Por Daniela Yaccar
Tres mujeres se reunieron en 2012 para hacer algo que no es tan común en grupo: escribir una obra de teatro. Eran Raquel Albeniz, Laura Coton y María Rosa Pfeiffer. Una de ellas, Laura, llevó una imagen muy fuerte: había leído una noticia sobre un pueblo de Italia donde la gente se quedaba dormida y no se sabía por qué. “Nos pareció una hermosa situación para elaborar teatralmente”, recuerda Pfeiffer, en diálogo con Tierra Viva. Luego, esa primera imagen se cargó de nuevos y locales sentidos, y derivó en Algo en el aire, una obra teatral que aborda el avasallamiento sobre cuerpos y territorios con denuncia y poesía. Un acto de “justicia poética”.
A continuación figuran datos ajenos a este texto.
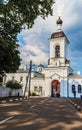 Belltower of a monastery of Sacred Efrosinya. Polotsk. Royalty Free Stock Photo
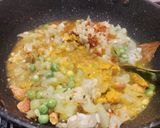A picture of step 2 of Lau Ghonto or Bottle Gourd Curry.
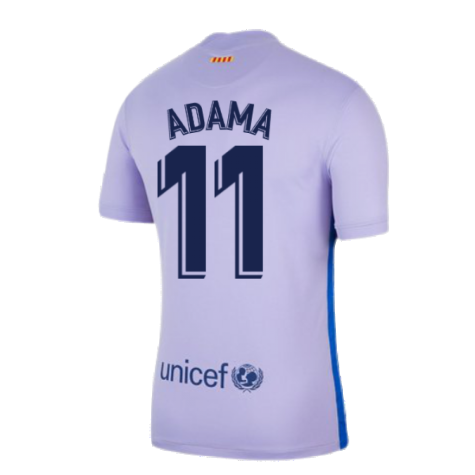 2021-2022 Barcelona Away Shirt (ADAMA 11)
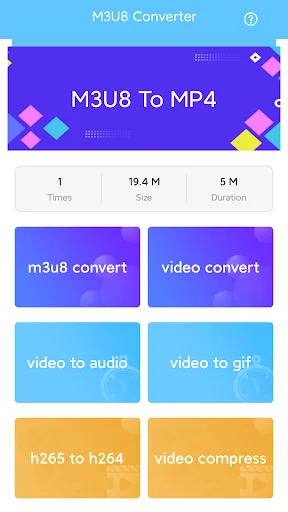 Download Video Converter M3U8 to MP4 Terbaru – Konversi Video Cepat - Screenshot 1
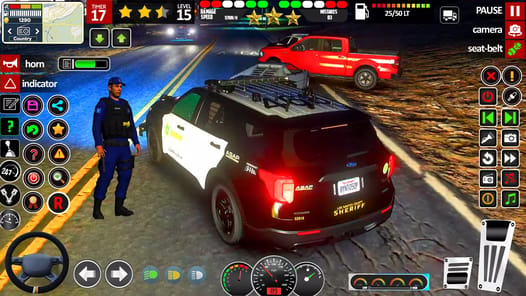 US Police Car Parking Games 3D APK screenshot 1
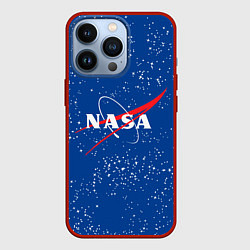 Чехол для iPhone 13 Pro NASA, цвет: 3D-красный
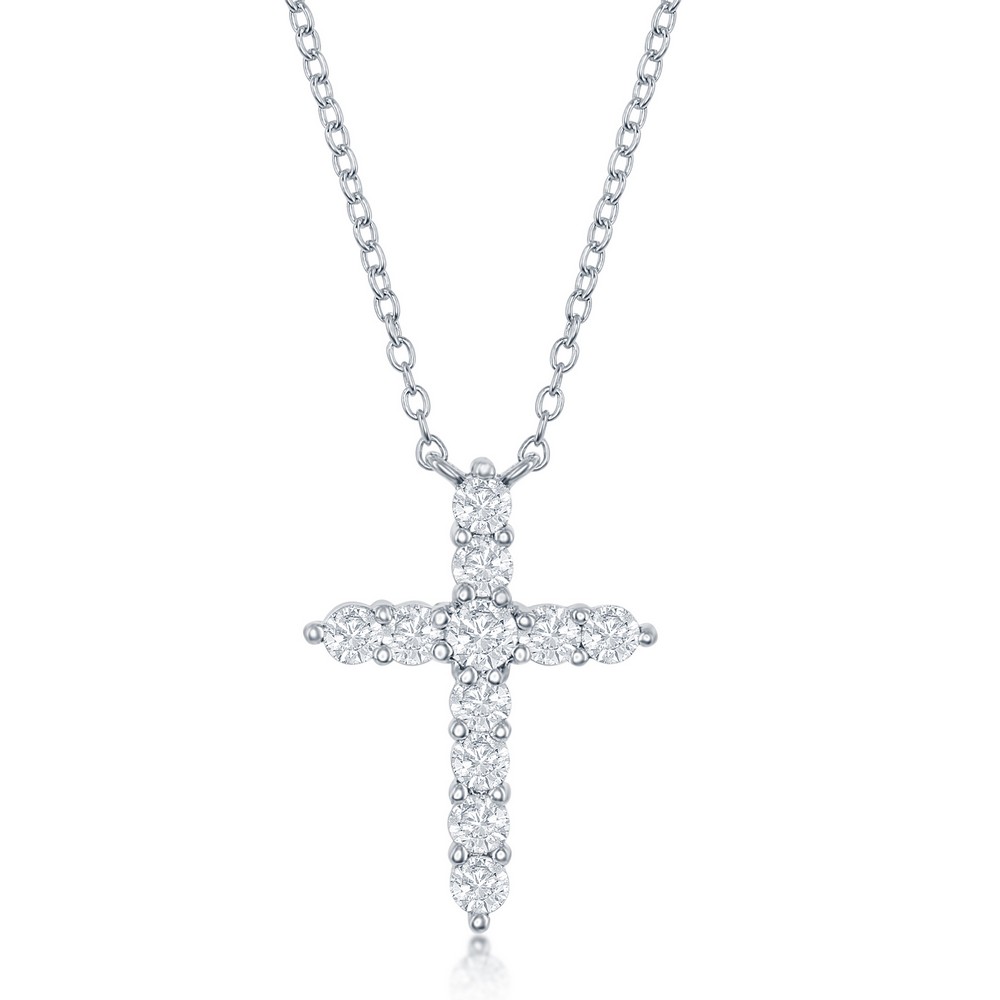 April CZ Silver Cross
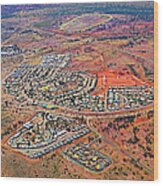 Aerial Of Newman, Western Australia Wood Print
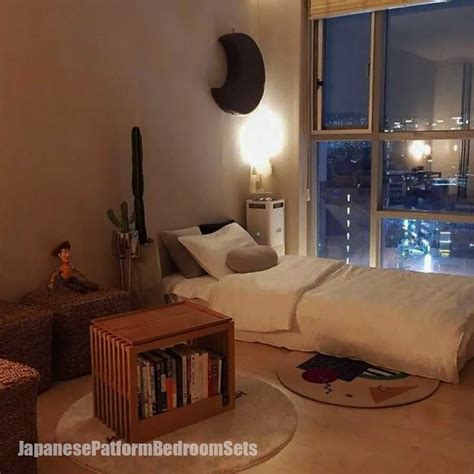 Minimalist Japanese Bedroom Design For Small Space Japanese Platform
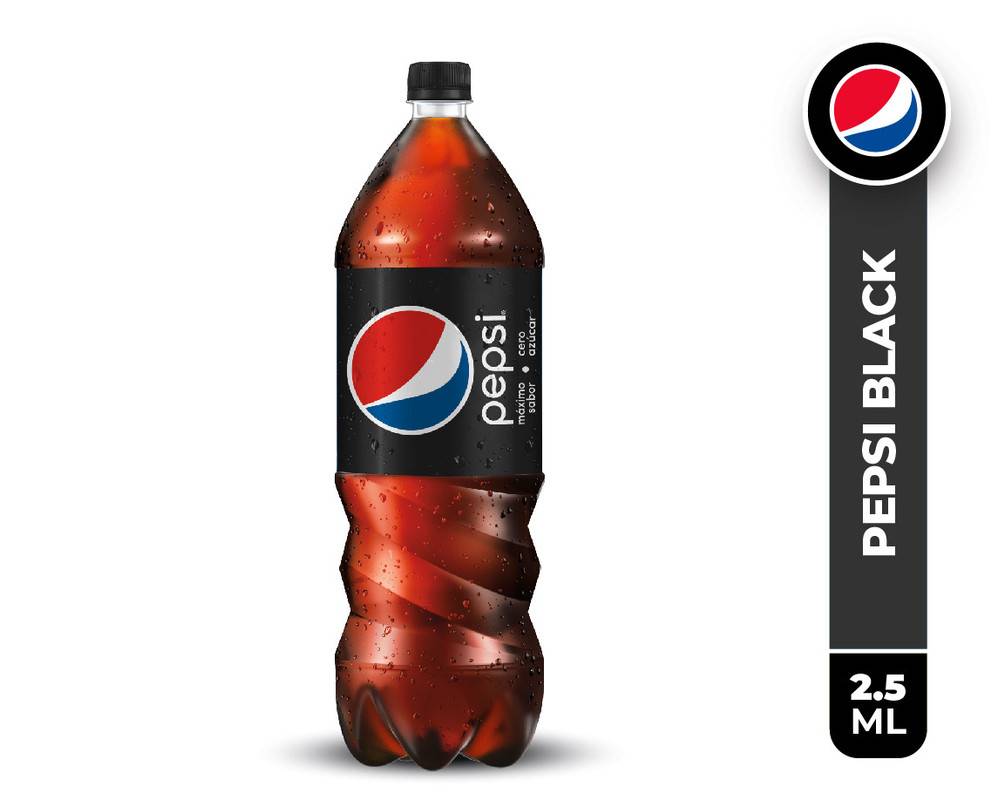 Pepsi gaseosa black (cola) (2.5 l)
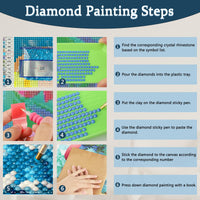 1 x Brand New CEOVR Diamond Painting Kit for Adults Diamond Painting for Adults Castle 5D Diamond Painting Complete Kit, Fantasy Diamond Kit for Adults, 30x40 cm Fireworks Diamond Painting for Adults - RRP €19.2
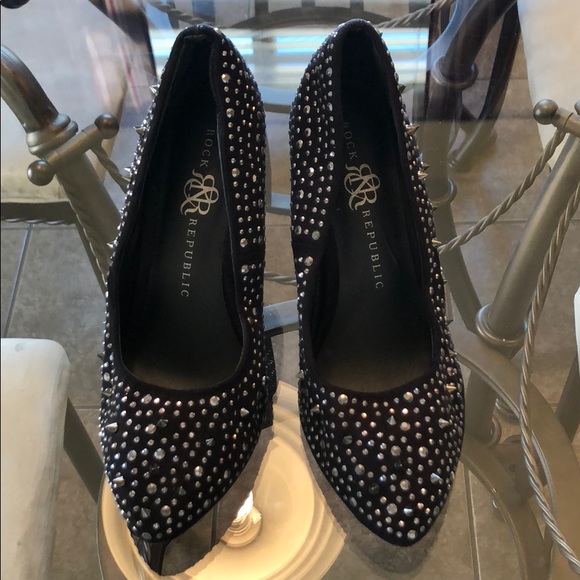 rock and republic studded heels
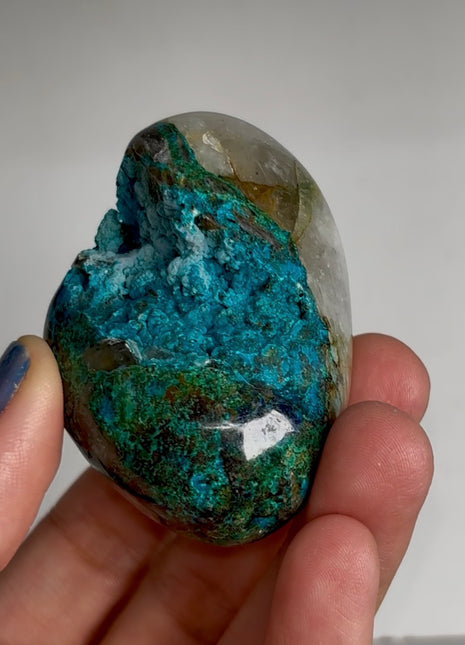 Blue Chrysocolla Geode PM1534
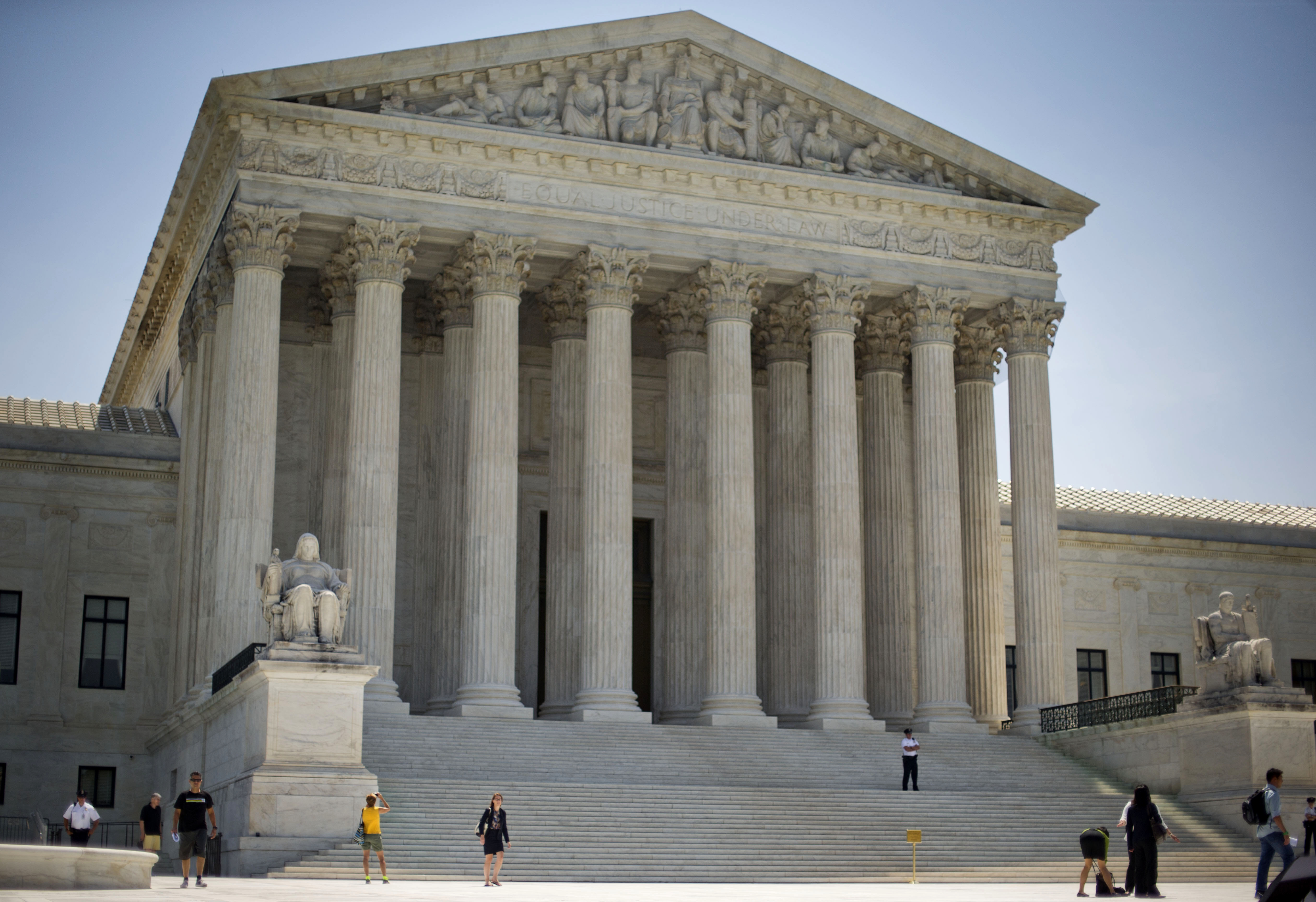 FILE - In this June 30, 2014 file photo, the Supreme Court is seen in Washington. Donald Trump will enter the Oval Office with the ability to re-establish the Supreme Court’s conservative tilt and the chance to cement it for the long term. Trump is expected to act quickly to fill one court vacancy and could choose the successor for up to three justices who will be in their 80s by the time his term ends. (AP Photo/Pablo Martinez Monsivais, File) (AP)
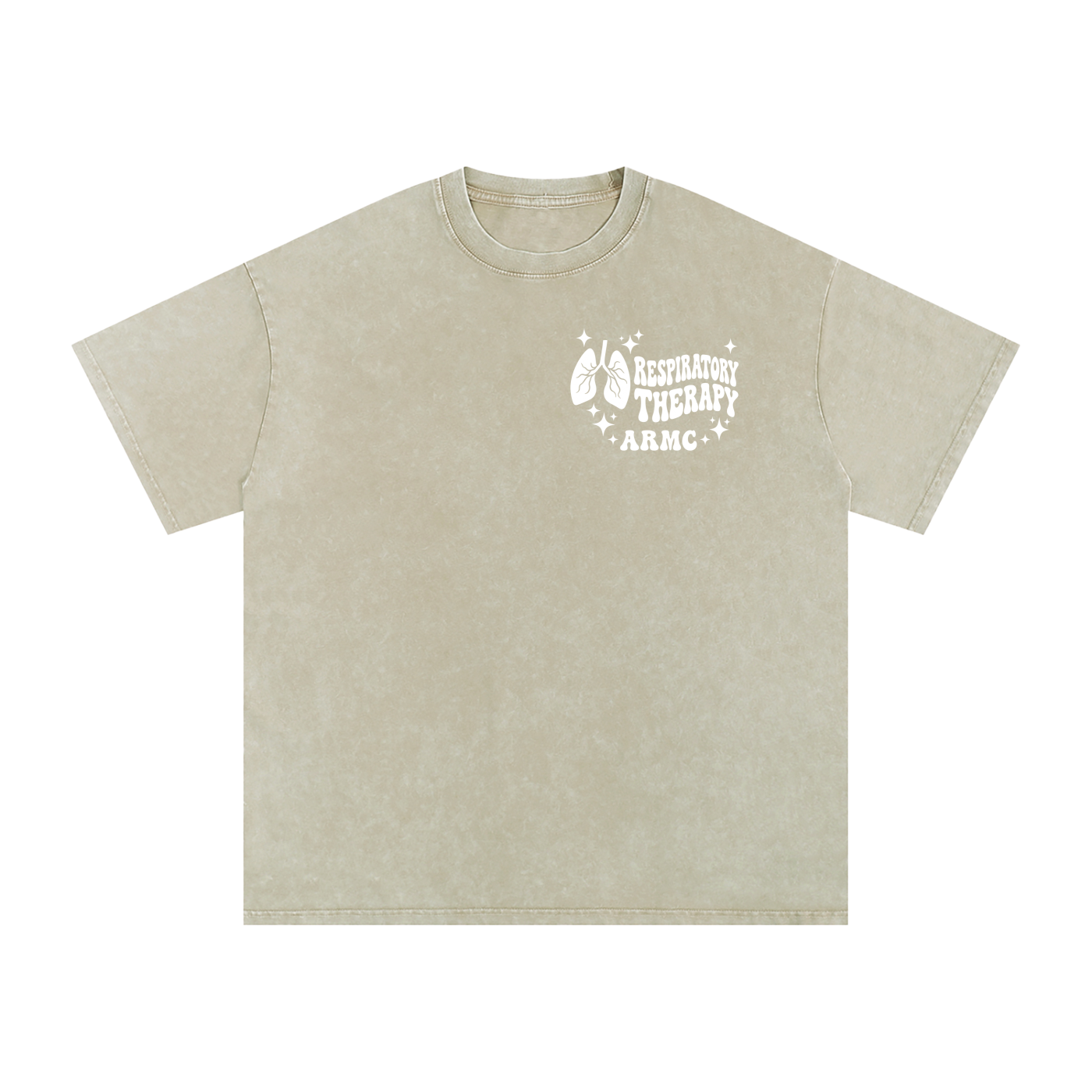 Respiratory Therapy- adult unisex Snow Washed Oversized Cotton T-Shirt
“Queríamos trabajar con algo que tuviera que ver con los agrotóxicos, nuestra tierra, los incendios, con tantos que hubo en los humedales, en Santa Fe, Córdoba y otras provincias. También, queríamos trabajar el tema del abuso, siempre atravesadas por una mirada poética”, añade Pfeiffer. El estreno del material fue en su pueblo natal, Humboldt (Santa Fe), en 2021, de la mano del Grupo de los Diez —colectivo de teatro independiente santafecino formado en 1993— y con dirección suya. Y recientemente el espectáculo llegó a la ciudad de Buenos Aires por el interés de su amiga Laura D’Anna, quien decidió dirigir su propia versión.
Algo sucede en ese pueblo que de pronto la gente se queda dormida. Podría ser cualquier pueblo de la región pampeana; no se dice el nombre. Tampoco se sitúa la acción en una época determinada. En una sala porteña (El Método Kairós, Salvador 4530, Palermo) el grupo Camino Teatro logra trasladar a los espectadores a esta zona rural donde los enigmas se van a ir develando de la mano de dos personajes: Mamá Chiyeta (Laura Ledesma), la curandera; y Leopoldo (Juan Saravia), joven peón de campo enamorado de Lucía (Gala Halfon), la hija de una almacenera (Marcela Brito). La obra tiene la originalidad de poner en diálogo dos violencias: la que avasalla territorios y cuerpos y la que avasalla, específicamente, los cuerpos de las mujeres. Por eso D’Anna dice que es un modo de poner en escena lo que llamamos “ecofemicidio”.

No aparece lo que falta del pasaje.